Reading
John 15:12-17
12 My command is this: Love each other as I have loved you. 13 Greater love has no one than this: to lay down one’s life for one’s friends. 14 You are my friends if you do what I command. 15 I no longer call you servants, because a servant does not know his master’s business. Instead, I have called you friends, for everything that I learned from my Father I have made known to you. 16 You did not choose me, but I chose you and appointed you so that you might go and bear fruit—fruit that will last—and so that whatever you ask in my name the Father will give you. 17 This is my command: Love each other.
Comment
The love that Jesus asks us to exercise is a commandment rather than an emotion. This means that it must go beyond the feelings of the moment and particular likes, but it must represent a real choice. Love does not exclude the duty of correction, which must always be accompanied by gentleness and vigilance over oneself (Gal 6:1-2).
There is a close relationship between love and faith. Without the witness of charity, our faith is in vain and will not be credible.
We will be friends of Jesus if we do what he commanded (v. 14). The love that is required of us is therefore an effective love, a faith that becomes industrious, not a sterile assent of the intellect or a devout sentimentality.
There is no room in the disciples for any form of spiritual pride because it is Jesus who chose them - "You did not choose me, but I chose you" (v. 16), regardless of their merits, just as Israel was constituted by God his chosen people to be independent of all merit.
Even the disciples have been "appointed" (v. 16): Jesus has entrusted them with a real and proper mandate, so that they may bear fruit. The fruit of this election is described by the New Testament and consists of good attitudes (Gal 5:22-23), righteousness (Phil 1:11), praise (Heb 13:15), and above all in the preaching of the gospel of salvation (Mt 28:18-20; Rm 1:13-16).
The investiture that Jesus bestows on his disciples is related to his example of total love (v. 12). Christians are called to follow the example of Jesus' sacrificial love on the cross, giving themselves to one another without reserve.

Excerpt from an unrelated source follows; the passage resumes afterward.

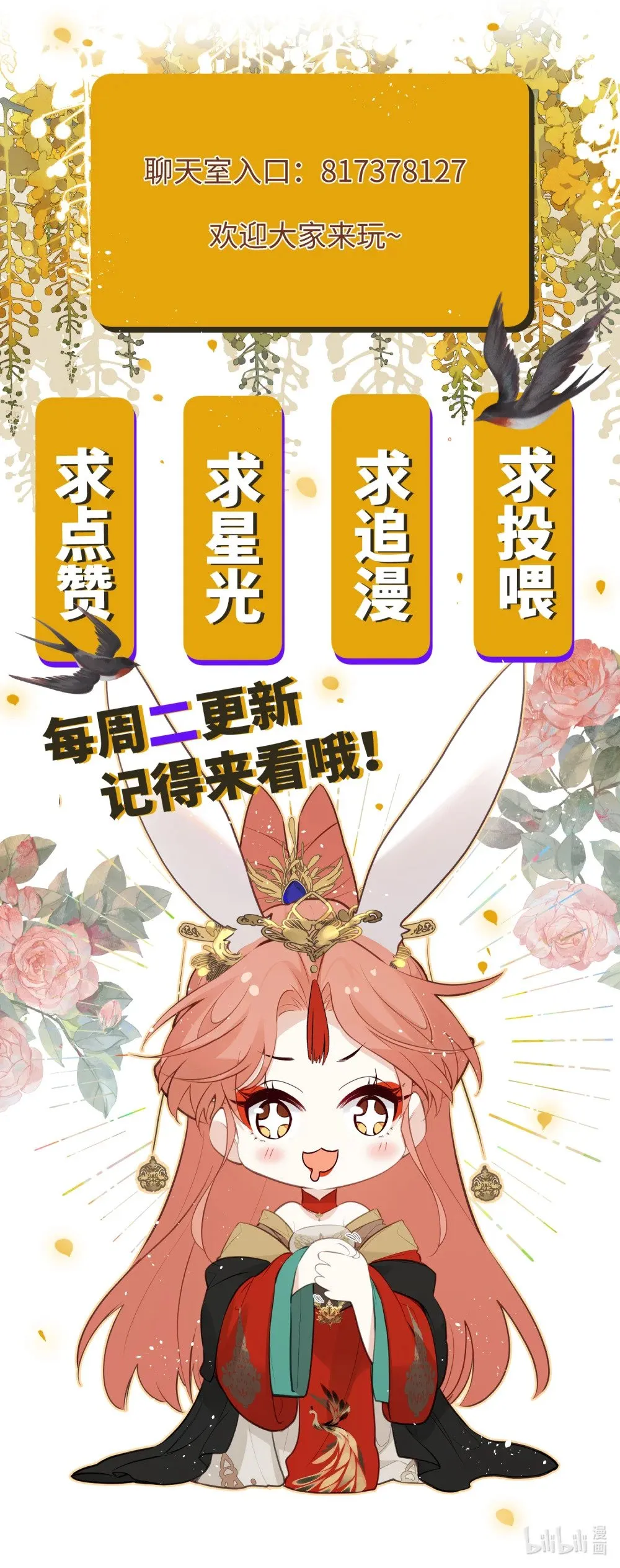 035 不可忍 第43页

Jesus assures that the prayer made in his name - that is, according to the needs of the kingdom of God - will be answered (v. 16). We must commit ourselves above all to asking for the mutual love that Jesus commands because this can only be obtained as a supernatural gift. There is no greater good because if there were charity everywhere, no other law would be necessary for men.
Prayer
Teach us to love, o Lord, as you have loved us; so that active charity produces fruits of conversion, to the praise of your Name. Amen.